- **TASK ITEM**
Nothing but the lines from the first line of the records below to the line holding "Vintage 90s Fairweather" belongs in the answer, copied exactly and without pictures.

- **EXTRACTED ENTRIES**
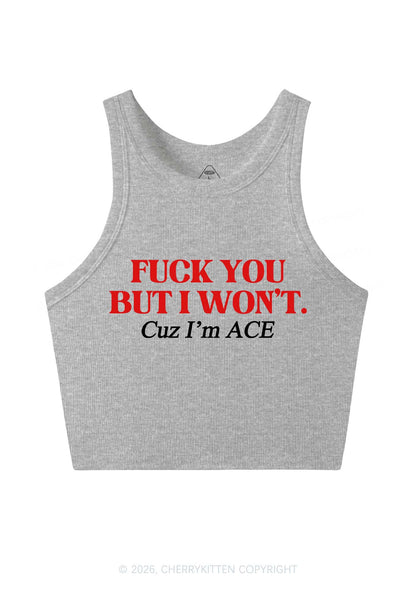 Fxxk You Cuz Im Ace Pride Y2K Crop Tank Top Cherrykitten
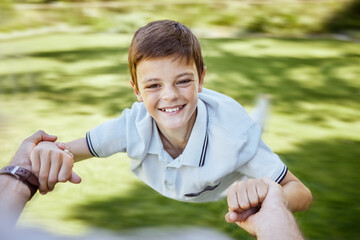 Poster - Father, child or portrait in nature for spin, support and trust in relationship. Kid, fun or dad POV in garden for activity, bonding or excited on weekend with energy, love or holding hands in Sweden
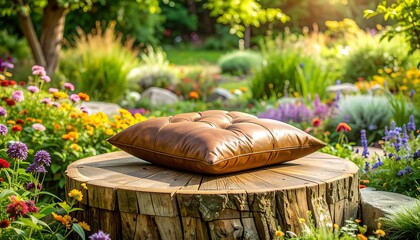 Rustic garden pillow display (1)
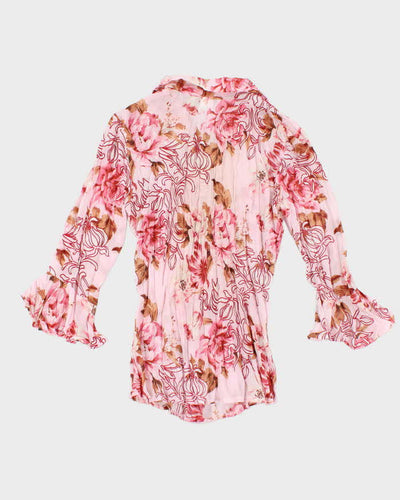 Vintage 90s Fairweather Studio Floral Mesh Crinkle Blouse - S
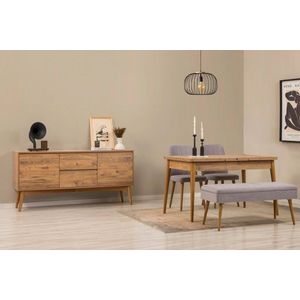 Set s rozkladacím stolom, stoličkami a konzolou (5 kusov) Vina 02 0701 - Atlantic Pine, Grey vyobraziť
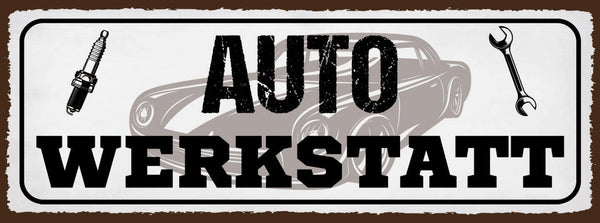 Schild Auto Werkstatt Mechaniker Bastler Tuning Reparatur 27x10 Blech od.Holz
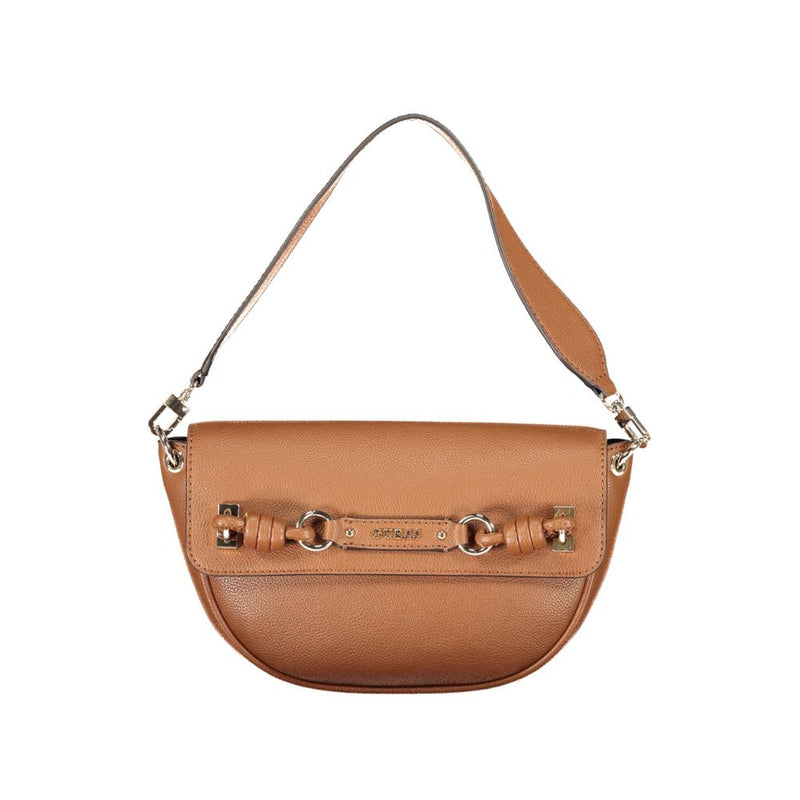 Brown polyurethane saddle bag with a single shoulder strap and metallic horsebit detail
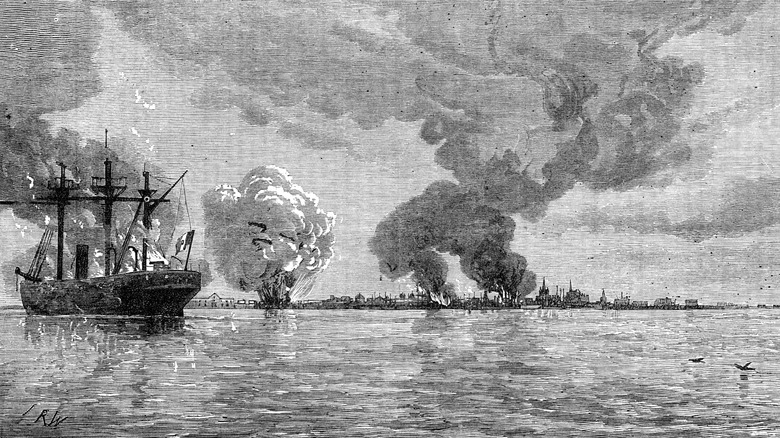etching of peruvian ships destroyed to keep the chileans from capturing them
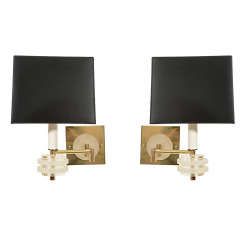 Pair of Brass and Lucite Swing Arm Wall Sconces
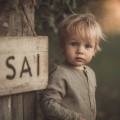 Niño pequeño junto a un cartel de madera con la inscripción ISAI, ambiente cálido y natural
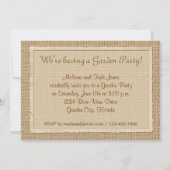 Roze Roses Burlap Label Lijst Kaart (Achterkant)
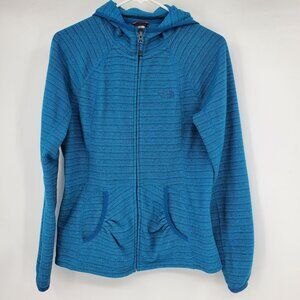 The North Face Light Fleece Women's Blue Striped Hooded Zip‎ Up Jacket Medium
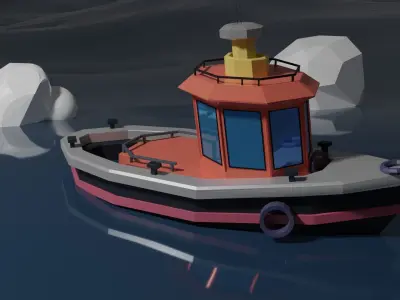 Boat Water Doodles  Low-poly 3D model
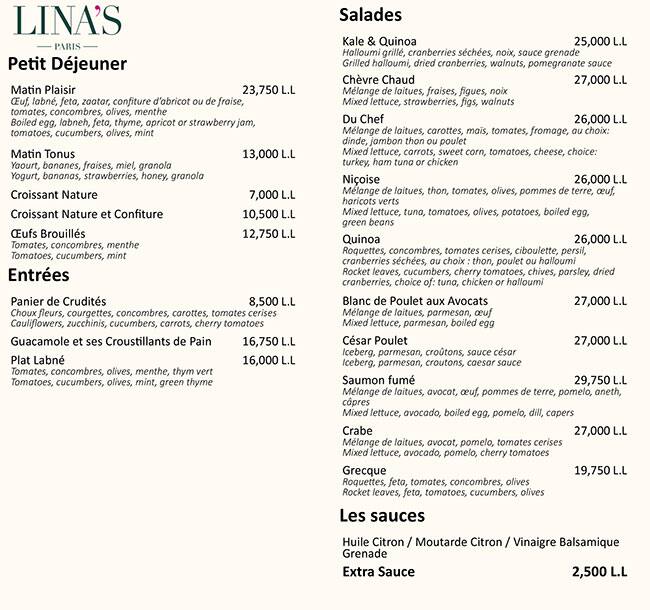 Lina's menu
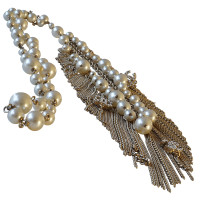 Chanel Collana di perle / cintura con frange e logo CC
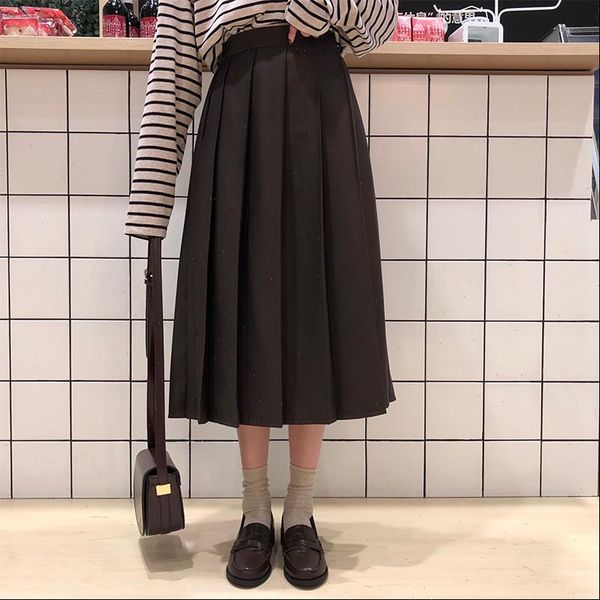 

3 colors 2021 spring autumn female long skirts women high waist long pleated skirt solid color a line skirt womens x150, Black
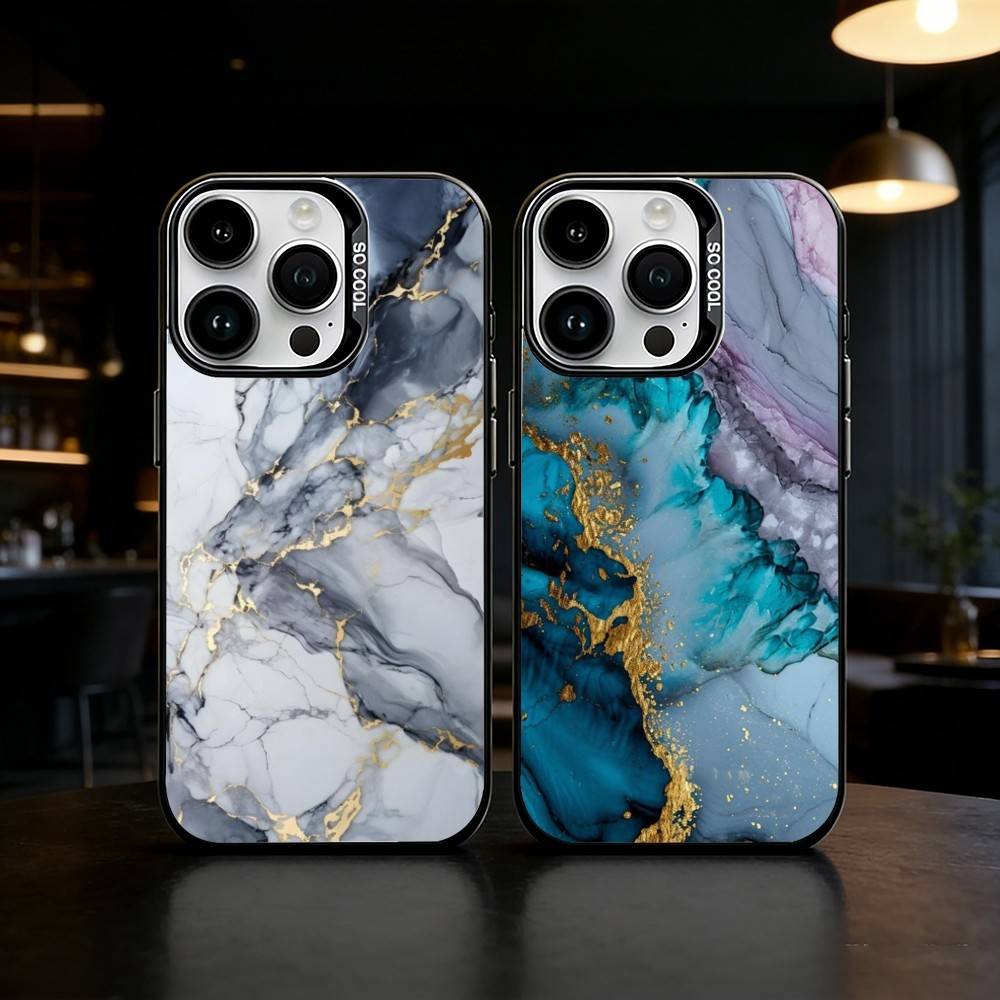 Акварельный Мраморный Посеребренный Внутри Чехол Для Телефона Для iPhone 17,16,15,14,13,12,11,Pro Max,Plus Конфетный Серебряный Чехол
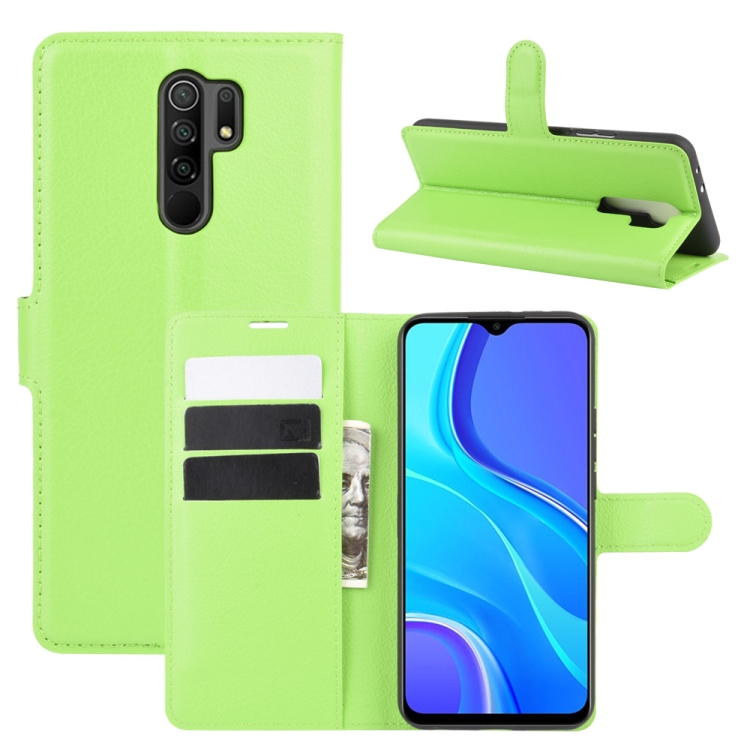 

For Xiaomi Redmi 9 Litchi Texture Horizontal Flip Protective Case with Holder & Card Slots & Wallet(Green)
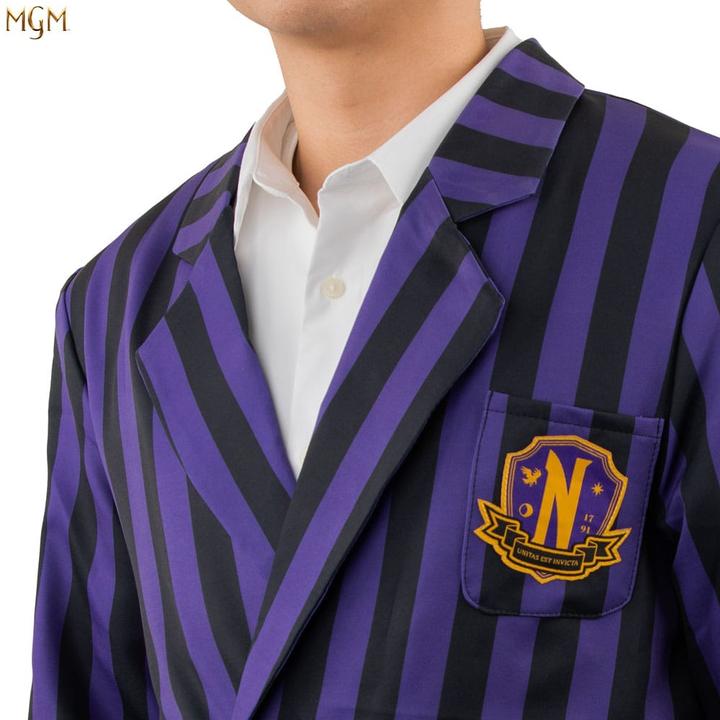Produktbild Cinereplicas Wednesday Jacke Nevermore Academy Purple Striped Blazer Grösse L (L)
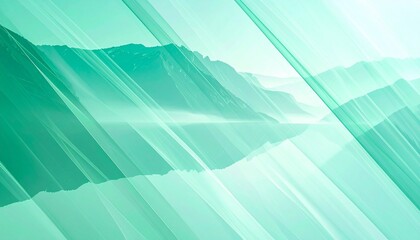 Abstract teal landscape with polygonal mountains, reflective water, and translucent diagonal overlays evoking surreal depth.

- **EXERCISE OUTPUT**
 Fxxk You Cuz Im Ace Pride Y2K Crop Tank Top Cherrykitten
 Poster - Father, child or portrait in nature for spin, support and trust in relationship. Kid, fun or dad POV in garden for activity, bonding or excited on weekend with energy, love or holding hands in Sweden
 Rustic garden pillow display (1)
 Vintage 90s Fairweather Studio Floral Mesh Crinkle Blouse - S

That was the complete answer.